Perlakuan yang salah terhadap anak
Pengasuhan yang salah terhadap anak dapat berbentuk kekerasa fisik, mengabaikan anak, kekerasan seksual dan kekerasan emosional. Perlakuan yang salah terhadap anak dapat membuat anak memiliki resiko untuk mengalami masalah-masalah akademis, emosi dan sosial. Para orang dewasa yang ketika anak-anak memperoleh perlakuan yang salah juga rentan mengalami sejumlah masalah yang sama.
Relasi dengan saudara kandung dan urutan kelahiran
Diantara saudara-saudar kandung terjadi interaksi satu sama lain dalam cara yang positif maupun negatif. Dengan cara-cara tertentu, urutan kelahiran berkaitan dengan karakteristik anak, namun urutan kelahiran itu sendiri bukanlah sebuah prediktor yang baik untuk perilaku.
Perubahan keluarga di dalam masyarakat yang berubah
Secara umum, kondisi kedua orang tua yang bekerja seharian penuh di luar rumah, tidak memperlihatkan efek-efek negatif bagi anak-anak. Meskipun demikian, di dalam lingkungan spesifik, seorang ibu yang bekerja di luar rumah mesalnya ketika seoarang bayi masih berusia kurang dari 1 tahun, dapat memberikan efek-efek yang negatif. Perceraian dapat memberikan efek negatif bagi penyesuian anak-anak.
Relasi dengan kawan sebaya, bermain dan televisi
Relasi dengan kawan sebaya
Kawan-kawan sebaya merupakan agen sosialisasi yang kuat. Kawan-kawan sebaya menyediakan sumber informasi dan sumber perbandingan dengan dunia di luar keluarga.
Bermain
Bermain dapat memiliki fungsi afiliatif dengan kawan-kawan sebaya, melepaskan ketegangan, meningkatkan perkembangan kognitif, eksplorasi dan menyediakan tempat bersinggah yang aman. Parten telah mengembangkan kategori-kategori dari bermain yang mencakup onoccupied, solitary, onlooker, parallel, associative, cooperative play. Perspektif kontemporer mengenai bermain menekankan baik aspek-aspek kognitif maupun sosial dan bermain. Diantara tipe-tipe permainan anak yang paling banyak dipelajari adalah permainan sensorimotorik, permainan praktis, permainan pura-pura/simbolik, permainan sosial, permainan konstruktif dan games.
Televisi
Televisi dapat memberikan dampak negatif maupun dampak positif bagi perkembangan anak-anak.

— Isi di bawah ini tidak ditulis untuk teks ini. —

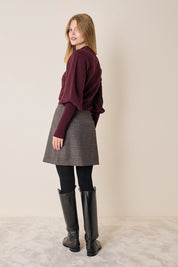 Wool and cashmere crewneck sweater with puff sleeves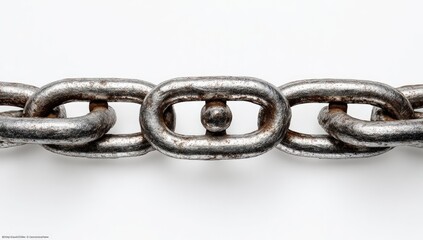 Obraz premium Close-up of a rusty metal chain with oval links against a white background
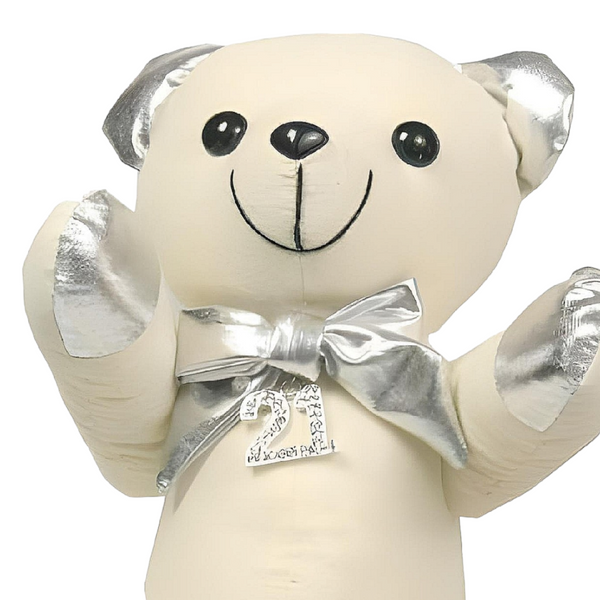 White & Silver 21st Birthday Message Signature Teddy Bear & Pen Set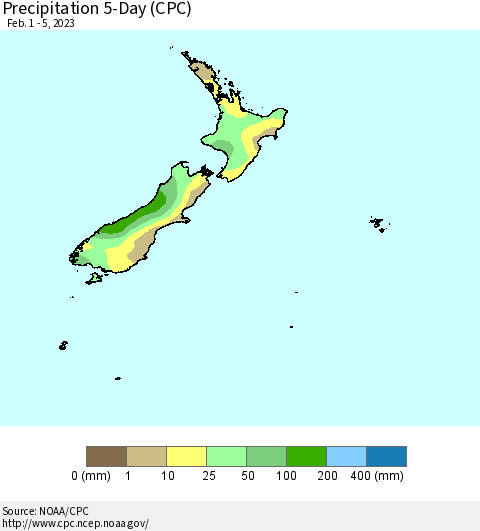 New Zealand Precipitation 5-Day (CPC) Thematic Map For 2/1/2023 - 2/5/2023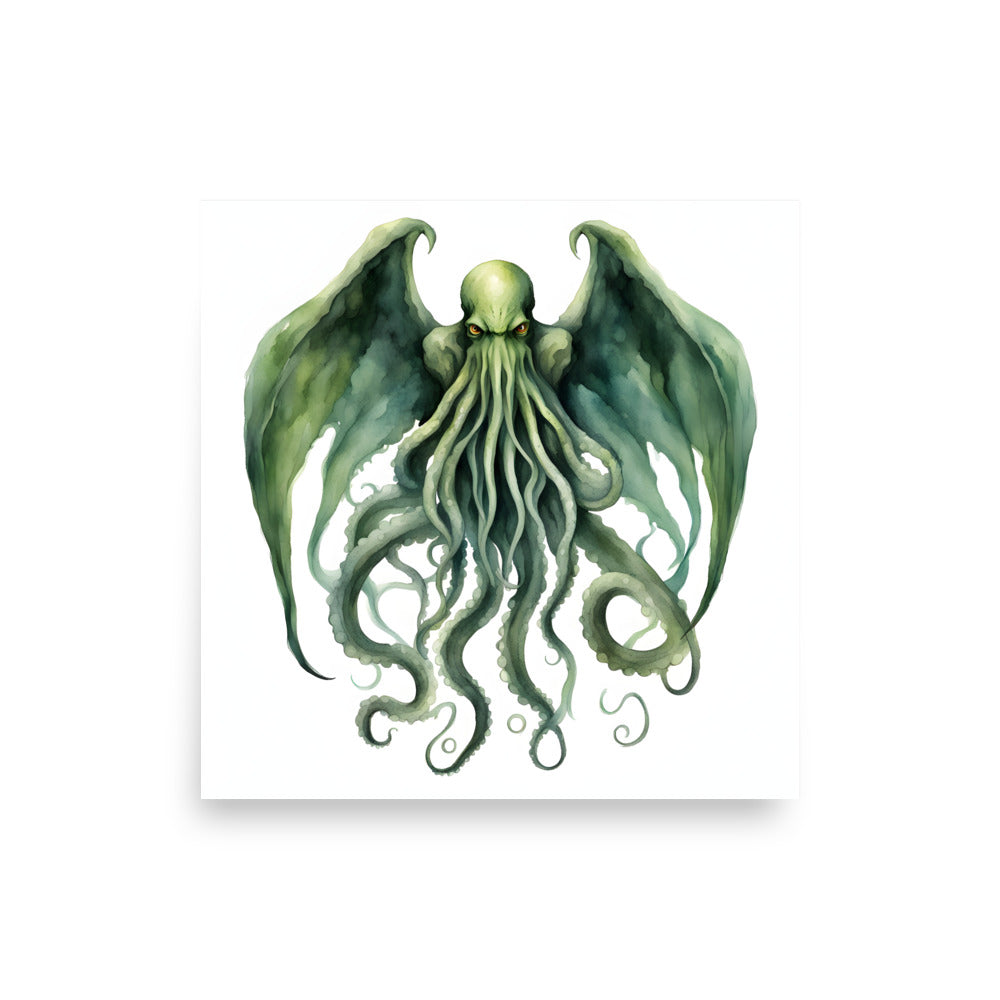 Peinture à l'aquarelle de Cthulhu Poster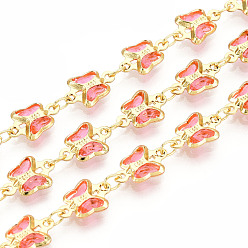 Светло-Коралловый Латунные стеклянные цепочки-подвески в виде бабочек, пайки, с катушкой, золотые, свет коралловый, 10.5~11x7x2 мм, около 32.81 футов (10 м) / рулон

Uraian di atas telah memperlihatkan bahwa penting bagi kita baik guru atau orang tua mengenal karakteristik anak usia dini, karena peluang perkembangan anak yang sangat berharga. Anak yang mengalamai masa bahagia terpenuhinya segala kebutuhan fisik, maupun psikis di awal perkembangannya, diramalkan akan dapat melaksanakan tugas-tugas perkembangan selanjutnya dengan baik.
Temper Tantrum
Dalam perkembangan anak, akan ditemui beberapa masalah yang bisa kita amati melalui kelainan perilaku mereka. Namun hal ini tidak dirasakan oleh anak itu sendiri, sehingga baik guru maupun orang tua agar tidak menimbulkan kesalapahaman tentang anak, perlu untuk benar-benar memahami anak dan perkembangannya serta adanya gangguan yang mungkin saja terjadi pada anak yang perlu kita sadari.

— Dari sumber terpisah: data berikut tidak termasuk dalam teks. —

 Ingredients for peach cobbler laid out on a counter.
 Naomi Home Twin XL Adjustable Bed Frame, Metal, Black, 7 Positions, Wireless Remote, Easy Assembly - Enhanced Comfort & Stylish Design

Dari kelima aspek perkembangan pada anak usia dini yang diuraikan di atas, salah satu yang penting untuk dikembangkan pada anak adalah perkembangan emosi. Hal ini bertujuan untuk memberikan kekuatan kepada anak dalam mengenali, mengelola dan mengontrol emosi, sehingga meningkatkan kemampuan di bidang keterampilan emosi yang dibutuhkan untuk mengatasi masalah-masalah di kehidupan yang akan datang.

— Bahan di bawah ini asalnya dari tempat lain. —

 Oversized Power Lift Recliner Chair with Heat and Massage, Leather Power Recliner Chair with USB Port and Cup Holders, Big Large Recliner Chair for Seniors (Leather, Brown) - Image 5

Untuk mengidentifikasinya menurut Dewi (2005:41), ada tiga alasan untuk menyatakan bahwa anak-anak tersebut memiliki potensi gagal di sekolah atau potensi bermasalah. Hal ini dapat dilihat dari 1) hasil pemeriksaan medis, 2) hasil pemeriksaan psikologis, 3) resiko kelahiran, 4) resiko lingkungan. Masalah anak tampil dalam bentuk yang sangat bervariasi. Misalnya gejala yang nampak pada perilaku anak yang sama, tetapi masalah dapat berbeda bentuknya. Masalah sama, tetapi gejala perilaku yang nampak pada anak berbeda. Begitu juga dengan akibat, walaupun gejala dan masalah sama, belum tentu akibatnya sama.
Sementara itu Saputro (dalam Dewi, 2005) menyatakan bahwa anak bermasalah dapat dilihat dari:
Frekuensi dari perilaku yang menyimpang maksudnya, seberapa banyak tingkah laku yang menimbulkan masalah muncul
Intensitas, yaitu tingkat kedalaman perilaku yang bermasalah. Misalnya rentang perhatian anak berkonsentrasi sangat pendek, anak mudah beralih perhatian baik dalam belajar maupun bermain, dengan rentang waktu yang sangat pendek.
Usia yaitu tingkah laku anak yang mencolok yang tidak sesuai dengan tahap perkembangan anak seusianya
Ukuran norma budaya. Maksudnya anak dikatakan bermasalah sangat bergantung pada ukuran budaya setempat dimana subjek berada.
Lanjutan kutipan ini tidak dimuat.